Musically, "Here This Christmas" is an upbeat and "cheery" Christmas song. It utilizes a "skipping drum groove" and features sounds created by various strings, horns, and bells. According to Cathy Padilla from Community Magazine, the song is an "upbeat tune with a toe-tapping beat of sleigh bells" and she attributed this to the song's creative team, which she called impressive. A contributor to Billboard called the song sunny. Despite it taking just one day, the recording process of "Here This Christmas" was "difficult" for Stefani, who commented that Tedder's work on the song required her to sing with a strong vocal range. Because she considered it demanding, she joked that the song would be better suited for The Voice contestants.

"Here This Christmas" is set in the time signature of common time, and has an average tempo of 120 beats per minute. The key of the song is in A-sharp major and it follows the typical setup of verse-chorus-verse-chorus. Stefani's vocal range advances in the chord progressions of A#–Dm–D# in the verses and A#–Dm–Gm–D# in the chorus. Alongside her vocals, Stefani is joined by Varnadore and Laura Cooksey, who contribute as background vocalists. For instruments, the song features Matt Melton on bass, Paul Nelson on cello, Loren Ferard on electric guitar, and Brandon Collins as a strings contractor. Violinists David Angell, David Davidson, and Elizabeth Lamb also perform, and Lamb additionally contributes to the track on viola.

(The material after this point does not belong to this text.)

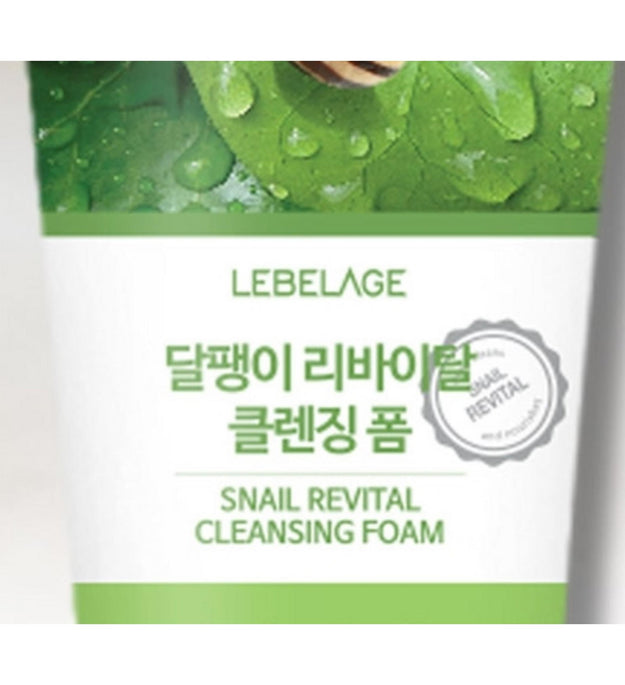 Schiuma detergente rivitalizzante Leverage Snail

Lyrically, "Here This Christmas" finds Stefani admitting that she prefers love over receiving materialistic gifts on Christmas Day. She reveals the only thing that she wants is to have her significant other "here this Christmas" with her. She also mentions various seasonally appropriate phrases, such as "snow falling, lights, mistletoe, and more". Stefani opens the song by cooing: "Darling, when it's cold outside and I can see the snowflakes falling / I'm staring at the Christmas lights and counting down to when you're calling." In the chorus, Stefani grows sentimental as she admits her desires. During the refrain, she sings: "Don't need presents under the tree / Don't need snow and caroling / I don't need a lot of wishes / I just need you here this Christmas."

== Reception ==
Aynslee Darmon from Entertainment Tonight Canada and USA Todays Gary Dinges both called the song catchy, while Marty Rosenbaum from Radio.com declared that it was a perfect "new theme song" for the holidays. Idolators Mike Wass wrote: "Of the huge outpouring of seasonal offerings to arrive in the last few years, [You Make It Feel Like Christmas] is one of my favorites. She now adds another layer to that opus" with the song. He called the song a "festive bop" and "as charming a toe-tapper as you're ever likely to find"; he also predicted that it would be heard frequently throughout the 2020 holiday season. Andrea Dresdale from Good Morning America also enjoyed the new single, suggesting that the Hallmark Channel's programming block will become more festive with "Here This Christmas". Stephanie Dube Dwilson, a writer for Heavy, called the song catchy and noted that Stefani's fans seemed pleased by the track. Referring to both the song and the accompanying video, Fadroski called them yet another "winter surprise" from Stefani. Charu Sinha from Vulture disapproved of the song's early release date, joking that Stefani "apparently had no qualms violating the cardinal rule of no-Christmas-music-before-Thanksgiving". Craig Jenkins, from the same publication, also spoke of the song, favorably comparing its sound to Stefani's 2006 single "The Sweet Escape". However, he disliked the inclusion of "Here This Christmas" on the 2020 edition of the parent album, calling it a "cold cash-in".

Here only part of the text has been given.